■ To do ■
Return the entries below word for word. No picture belongs in the copy.

[Short descriptive text snippets]
········
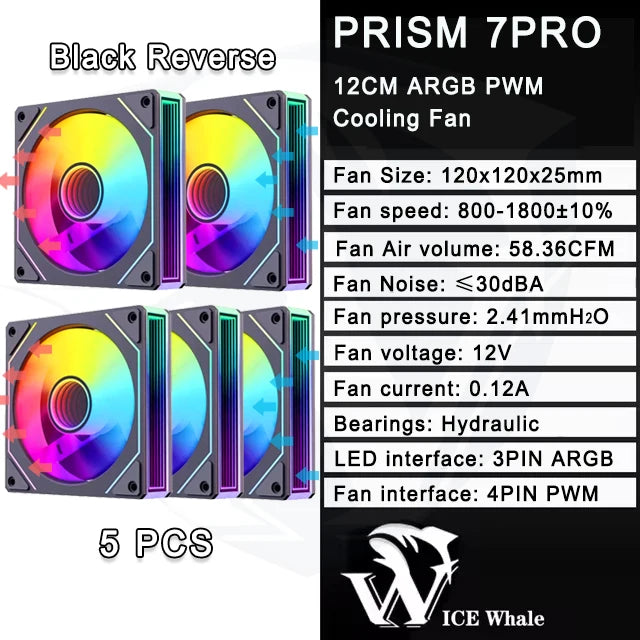 ICE Whale Prism 7 PRO ARGB PC Case Fan 120mm Infinity Mirror Design Motherboard Lighting Sync 4PIN PWM CPU Cooler Fan ventilador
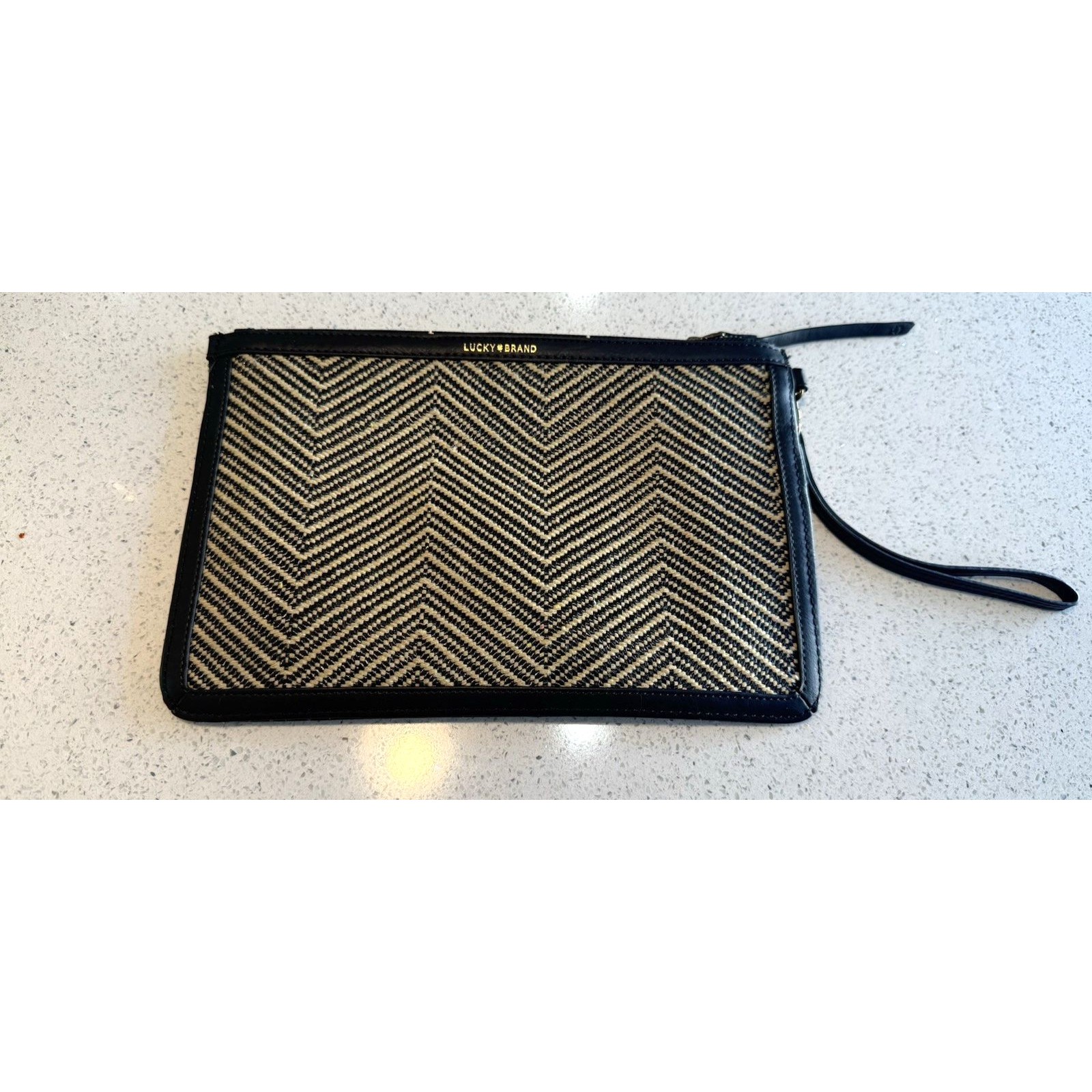 Lucky Brand Clutch Chevron Black Brown Leather Trim Bag Purse Boho Wristlet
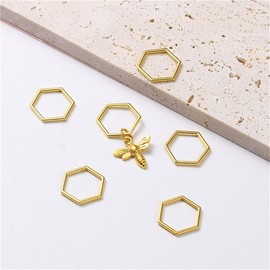 Upluckey Hexagon Bee Pendants Knitting Stitch Markers Gold Color Crochet Locking Needle Clip Knitting Tools Sewing Supplies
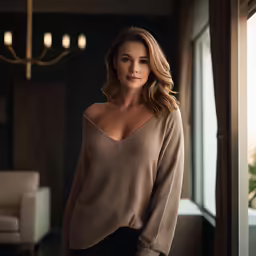 a women in a black dress and a brown sweater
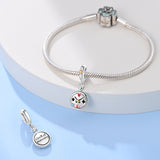 925 Sterling Silver Cards Clock Charm for Bracelets Fine Jewelry Women Pendant
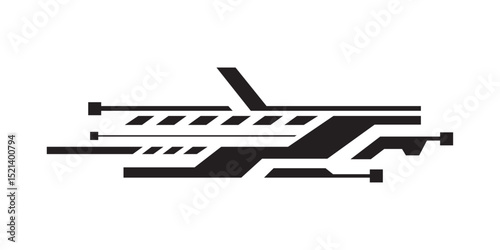 Abstract Black Circuit Board Design Technology, Futuristic, Graphic, Vector, Lines, Shapes, Modern, Cyberpunk Tech Circuitry Element for Futuristic Design. Geometric Shapes, Black and White.
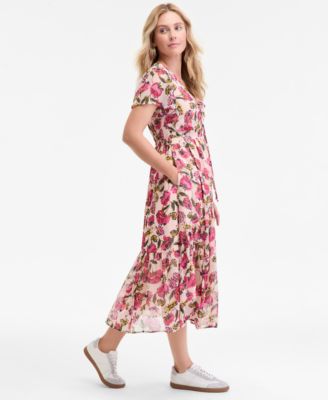 Women's Floral-Print Flutter-Sleeve Midi Dress, Macy's Exclusive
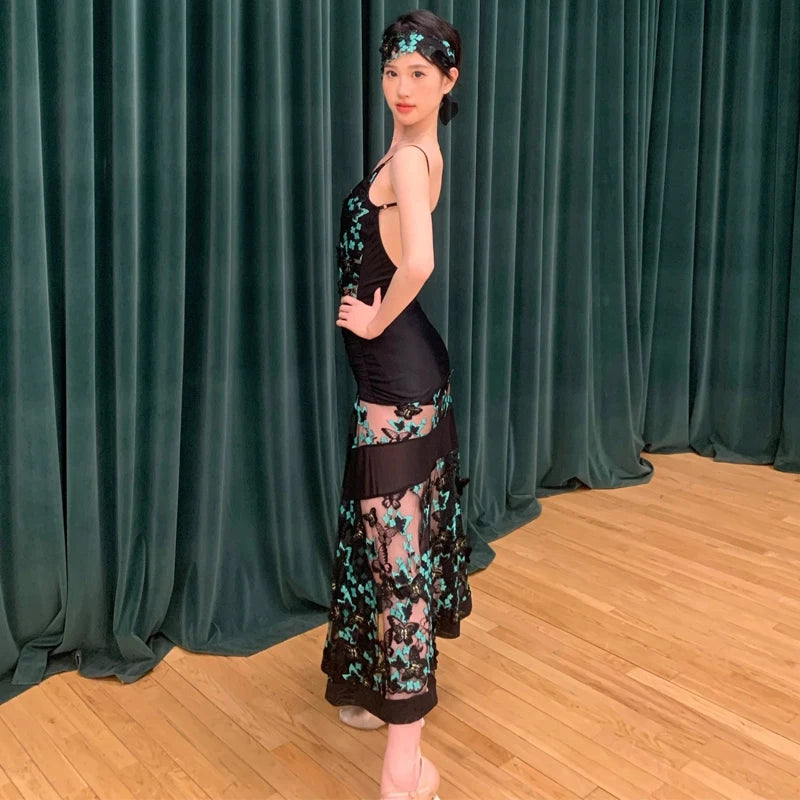 Women's Black Mesh Butterfly Appliqué Ruched Slit Backless Latin Dance Dress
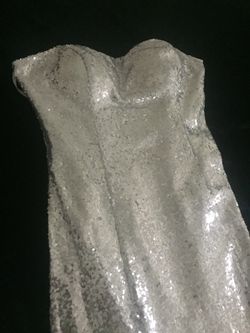 Formal silver sequined dress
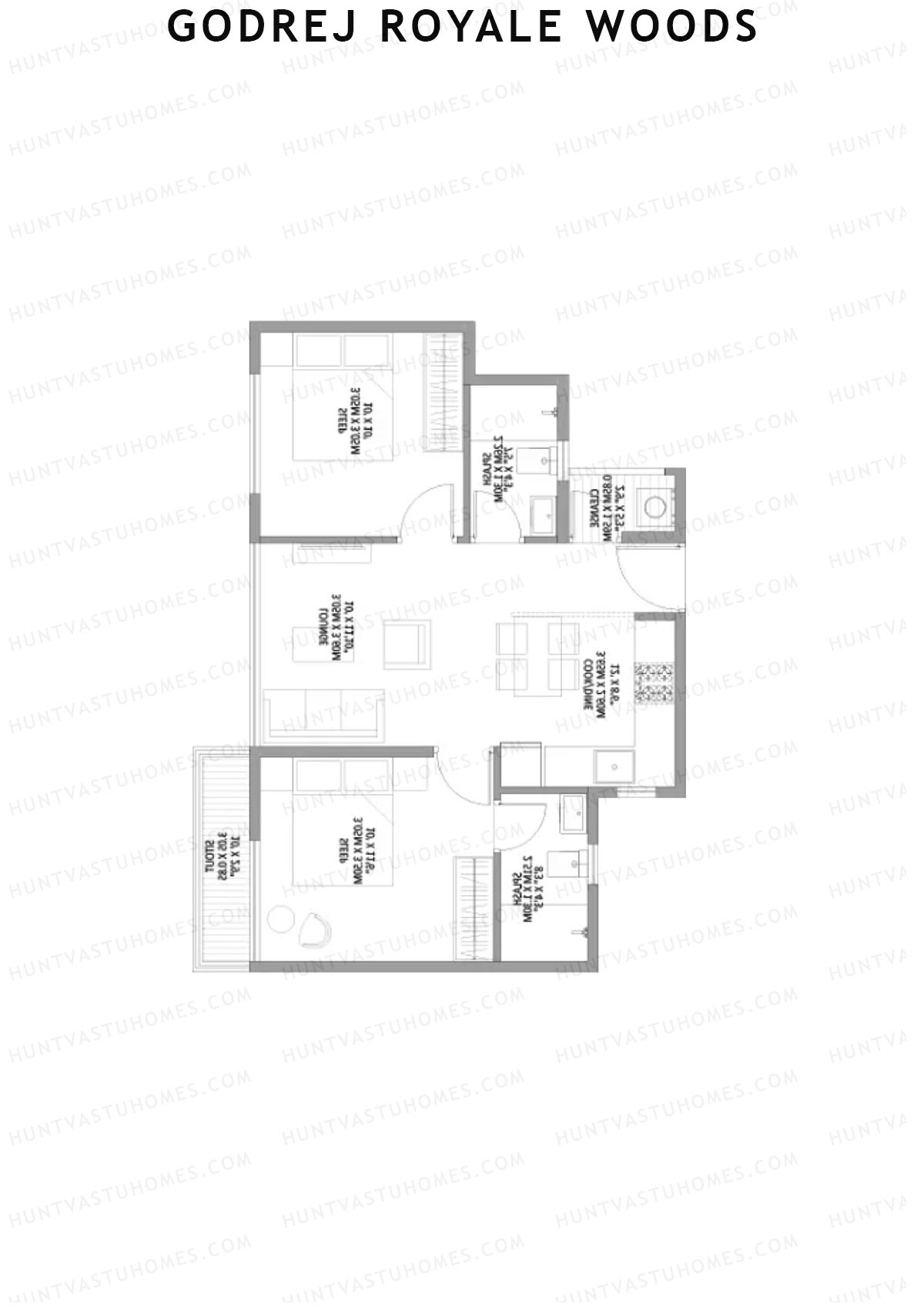 Godrej Royale Woods Tower 4A Unit 4 (Type 1) Floor Plan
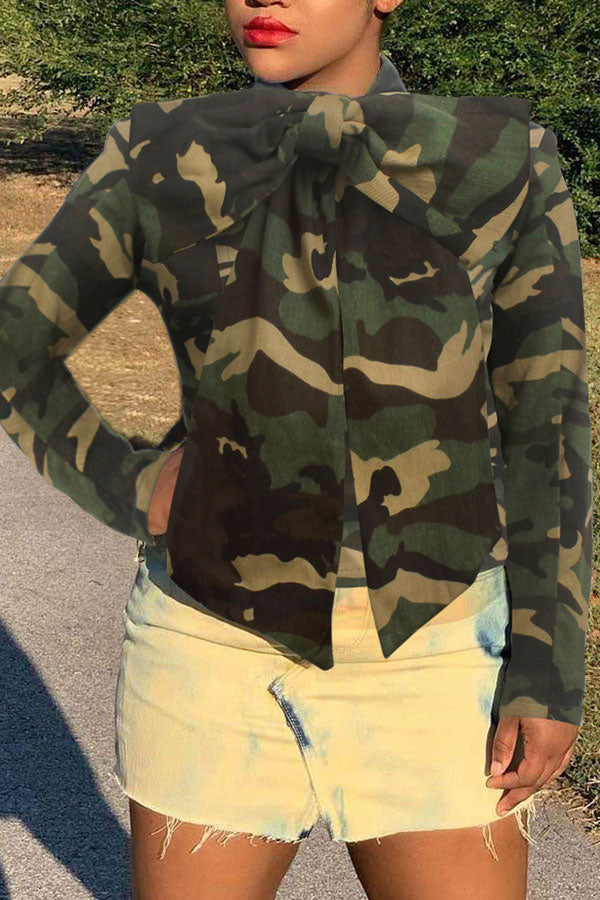 Solid Color Pussy Bow Sweet Denim Blouse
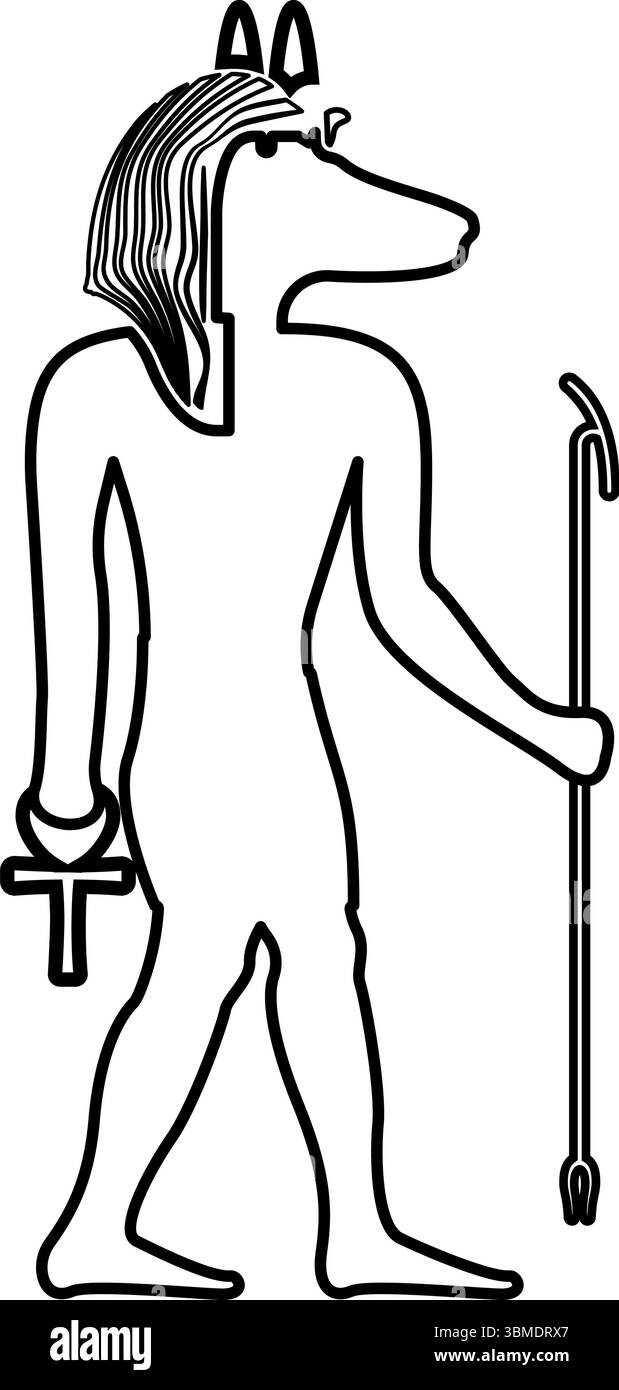 Divinità Anubi con testa di sciacallo, antico dio egiziano, regge il bastone e una silhouette a croce con un contorno mitico, icona della linea del contorno, vettore di colore nero Illustrazione Vettoriale
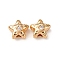 Brass Micro Pave Clear Cubic Zirconia Beads, Cadmium Free & Nickel Free & Lead Free, Star, Real 18K Gold Plated, 8.5x9x6mm, Hole: 2mm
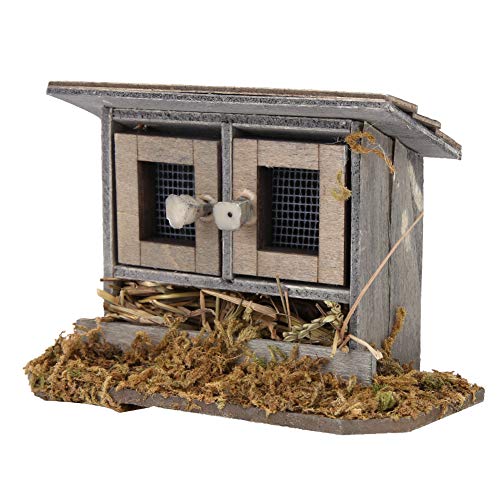 Miniatur-Stall, Leichter Hühnerstall aus Holz, Garten, Miniatur-Stall, Schöne Puppenhaus-Dekoration, Exquisites Aussehen für 1/12 Puppenhaus von Tihebeyan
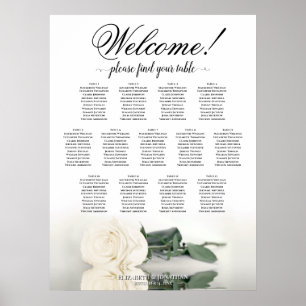 13 Tafel Ivoor Wit Rose Bruiloft Zitkaarten Poster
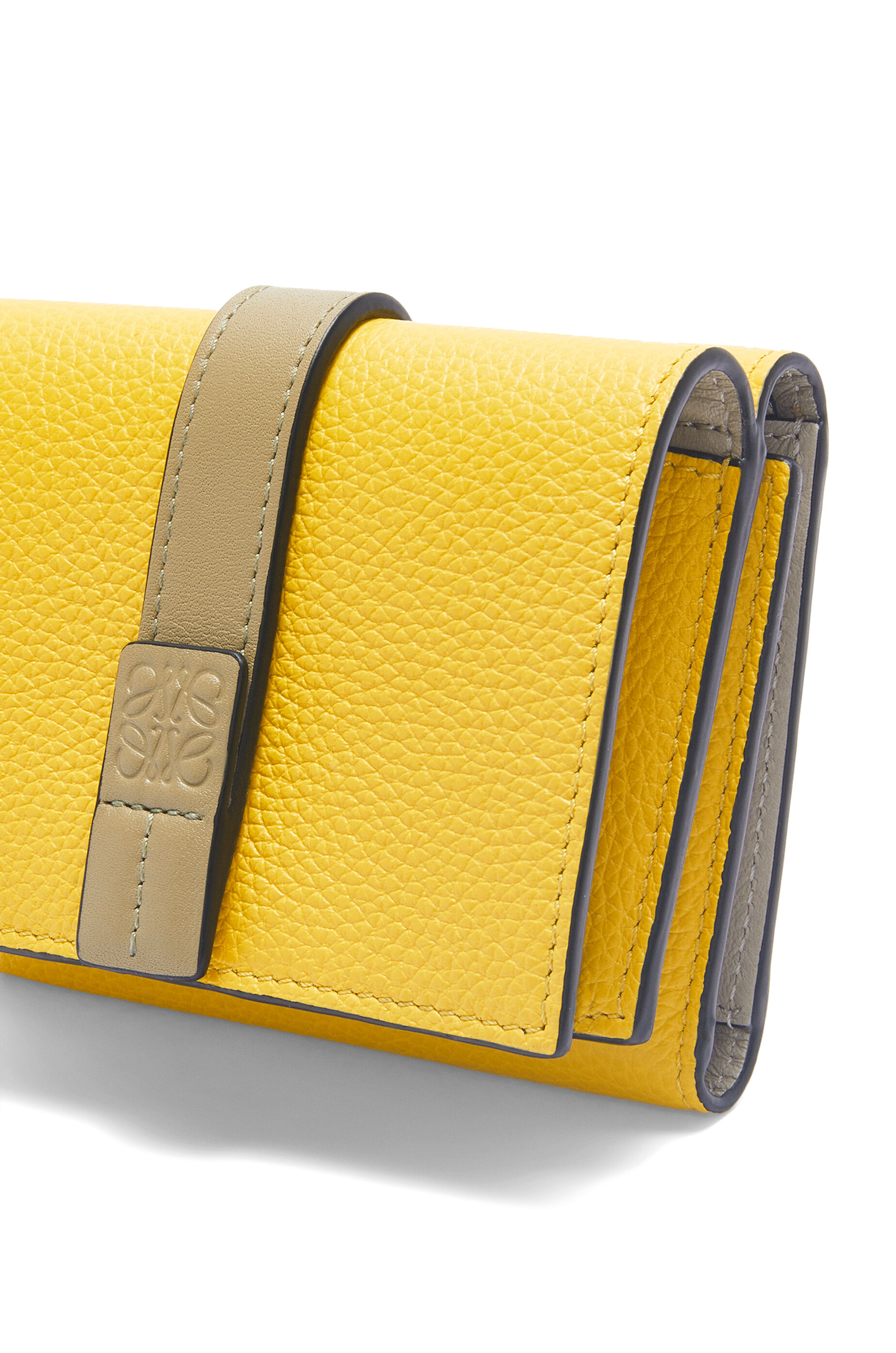 Trifold wallet in soft grained calfskin Yellow/Clay Green LOEWE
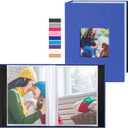 Ywlake Photo Album 4x6 100 Pockets 2 Packs, Small Mini Capacity Linen Photo Album Bulk Sets, Each Pack Holds 100 Top Loader Vertical Only Picture for Kids Boy Girls Blue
········
■ Worked solution ■
 ICE Whale Prism 7 PRO ARGB PC Case Fan 120mm Infinity Mirror Design Motherboard Lighting Sync 4PIN PWM CPU Cooler Fan ventilador
 Lucky Brand Clutch Chevron Black Brown Leather Trim Bag Purse Boho Wristlet
 Upluckey Hexagon Bee Pendants Knitting Stitch Markers Gold Color Crochet Locking Needle Clip Knitting Tools Sewing Supplies
 a women in a black dress and a brown sweater
 925 Sterling Silver Cards Clock Charm for Bracelets Fine Jewelry Women Pendant
 Abstract Black Circuit Board Design Technology, Futuristic, Graphic, Vector, Lines, Shapes, Modern, Cyberpunk Tech Circuitry Element for Futuristic Design. Geometric Shapes, Black and White.
 Women's Floral-Print Flutter-Sleeve Midi Dress, Macy's Exclusive
 Women's Black Mesh Butterfly Appliqué Ruched Slit Backless Latin Dance Dress
 Formal silver sequined dress
 Godrej Royale Woods Tower 4A Unit 4 (Type 1) Floor Plan
 Solid Color Pussy Bow Sweet Denim Blouse
 Divinità Anubi con testa di sciacallo, antico dio egiziano, regge il bastone e una silhouette a croce con un contorno mitico, icona della linea del contorno, vettore di colore nero Illustrazione Vettoriale
 Brass Micro Pave Clear Cubic Zirconia Beads, Cadmium Free & Nickel Free & Lead Free, Star, Real 18K Gold Plated, 8.5x9x6mm, Hole: 2mm
 Miniatur-Stall, Leichter Hühnerstall aus Holz, Garten, Miniatur-Stall, Schöne Puppenhaus-Dekoration, Exquisites Aussehen für 1/12 Puppenhaus von Tihebeyan
 13 Tafel Ivoor Wit Rose Bruiloft Zitkaarten Poster
 Trifold wallet in soft grained calfskin Yellow/Clay Green LOEWE
 Ywlake Photo Album 4x6 100 Pockets 2 Packs, Small Mini Capacity Linen Photo Album Bulk Sets, Each Pack Holds 100 Top Loader Vertical Only Picture for Kids Boy Girls Blue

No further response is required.